Like Bob, I'm old school. I like print. Even in my law practice, I eschew Westlaw for for my print law books (Deerings, or whatever, as long as it is annotated..
Like Bob, I'm old school. I like print. Even in my law practice, I eschew Westlaw for for my print law books (Deerings, or whatever, as long as it is annotated..
I'm neither for nor against. With new technology it is what it is & you just have to see how it develops. While the recording industry was blathering on in the '90s about the awfulness of CD-Rs & the criminality of hip hop sampling, the internet blindsided it.
I realized long ago that for 90% of books I enjoy, it made little sense to pay $20 for what I can get at my library for free. And since I rarely, if ever, read a book twice, my bookshelves are all the lighter for it. Ditto for DVDs.
I am the opposite of Contrarian. I occasionally read a book more than once, but I like hard backs and I have a vast library. I grew up where my grandfather actually had a library room, and have fond memories of him sitting in his big leather chair in that dark paneled room, smoking a pipe, and reading one of his books.
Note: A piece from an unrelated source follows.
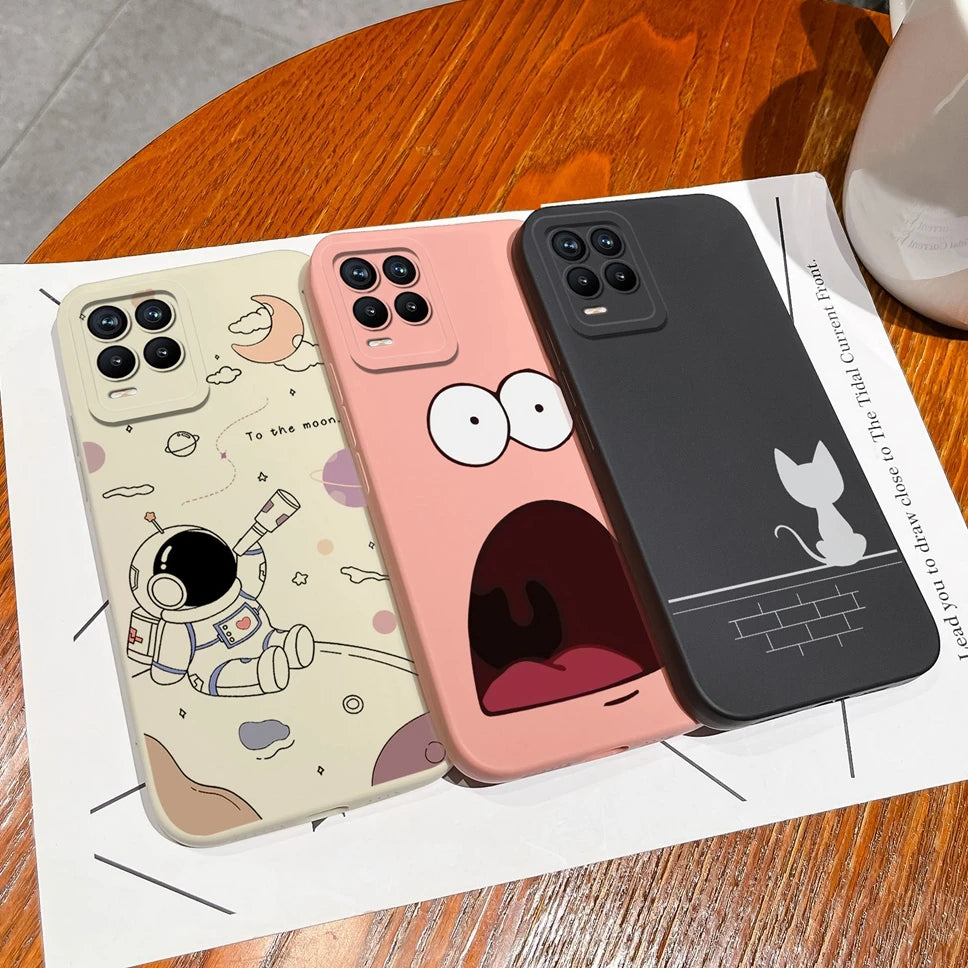 Cases For Realme 8 Pro 4G Shell Lovely Cartoon Astronaut Pattern Soft Liquid Silicone Phone Covers For Realme8 8Pro Fundas Coque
I have a small area that I turned into a library of sorts, and I always get interesting comments about it from guests and friends.
I just ordered a small press book of poems, used. I still checked the library first. There's boxes & boxes of books in the other room. few of them have been displayed on shelves. Many are old & rare & beautiful, but probably only some of the paperback Beat era stuff is actually valuable & sellable. I'd get rid of most of them if I could find a home where they would be shelved.
You can always email me a list of books you want to let go of, although I am not so much a fan of paperbacks (yes, I have them) as I am of hardbacks. But, I am not a poem collector or reader. However, just about every other subject I enjoy, from biographies, to fiction, to politics, to science fiction, even history and religion.